6. It is the above two statements by Suzanne Quin, who is Head of the School of Applied Social Science at U.C.D., which Mr. Kelly examines in light of the cross-examination of that witness on 6th May, 2008. The crux of his argument, in support of which he quotes extracts from the cross-examination, is that Suzanne Quin admitted that she had probably not read, nor was she acquainted in detail with, all of the applications made in 2002. She also admitted that the examples given by her in paragraph 7 of her affidavit and in the aforesaid memo were not necessarily from the 2002 documents, and was unable to definitively state that there were.
7. The Plaintiff, in submissions dated 5th December, 2008, argues that the case law makes it clear that a judgment which is obtained through fraud is “a mere nullity” (P v. P  IESC 76, Murray J. quoting Murphy J. in Tassan Din v. Banco Ambrosiano SPA  I.R. 569 at 580). Further, it is contended, from Hip Foong Hong v. J. Neotia & Co.  1 A.C. 888 at 894, that:
“A judgment that is tainted and affected by fraudulent conduct is tainted throughout, and the whole must fail...”
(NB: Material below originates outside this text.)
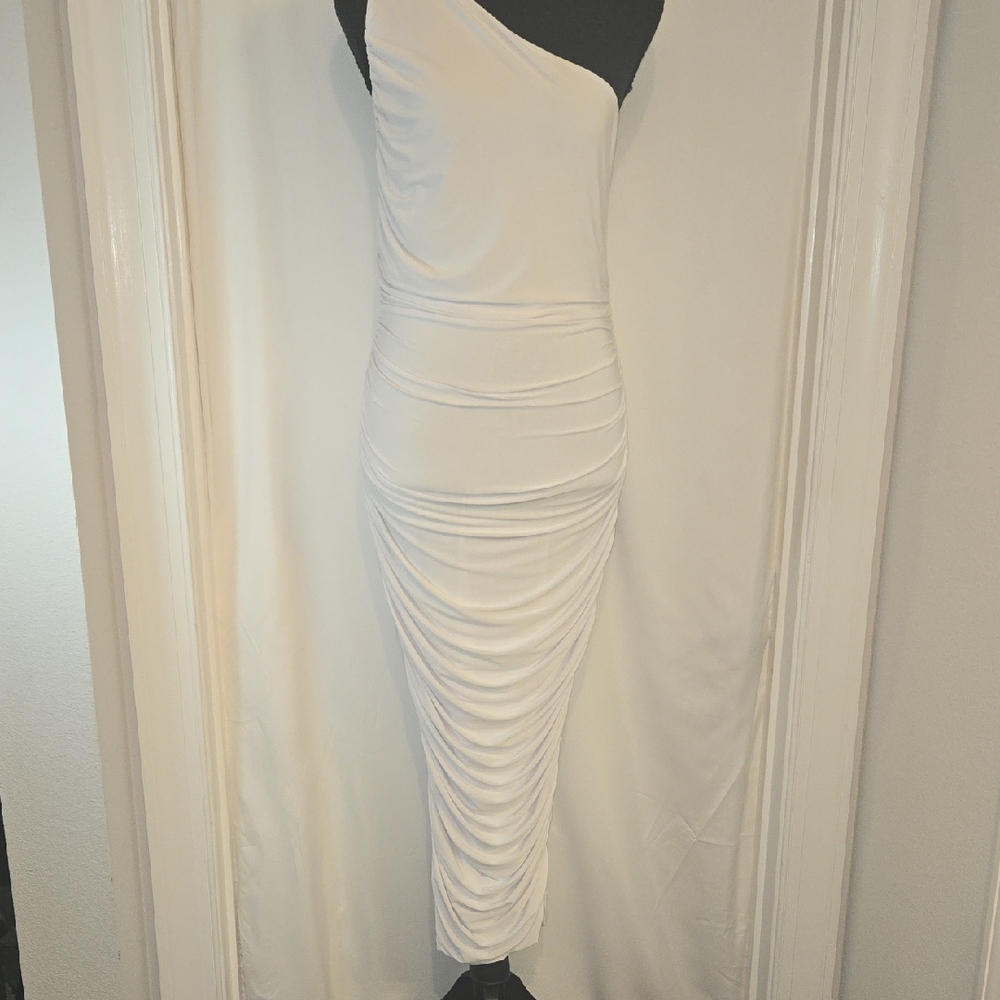 Fashion Nova One-Shoulder White Ruched Midi Dress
Therefore where a judgment is “tainted” by fraud the whole of judgment must fail.
8. The Plaintiff thus contends that the whole of the judgment of 31st July, 2008 must be nullified given the “fraudulent” representations of Ms. Quin in her affidavit, which were revealed through her cross-examination, and given that such representations appear to be material to the ultimate decision of the judgment.
9. The last few paragraphs of the submissions relate to Ms. Quin being an “agent” of the defendant. The Plaintiff draws attention to the fact that her affidavit contained the phrase “ma[de] on behalf of”, and draws the conclusion that the deponent is thus an agent of the Defendant.
10. In response to these allegations of perjury, Ms. Quin has filed a Supplemental Affidavit dated 9th February, 2009, which states in no uncertain terms what her position is. She reiterates her objections to providing any application forms to the Plaintiff, since even if large amounts of the information contained in them was to be redacted, it could still be possible for the Plaintiff to ascertain whom the applicants therein were. Further she is concerned as to the use which Mr. Kelly may put these documents. She finally prays that the Court prevent Mr. Kelly from repeating the allegations of perjury against her, either in Court or elsewhere.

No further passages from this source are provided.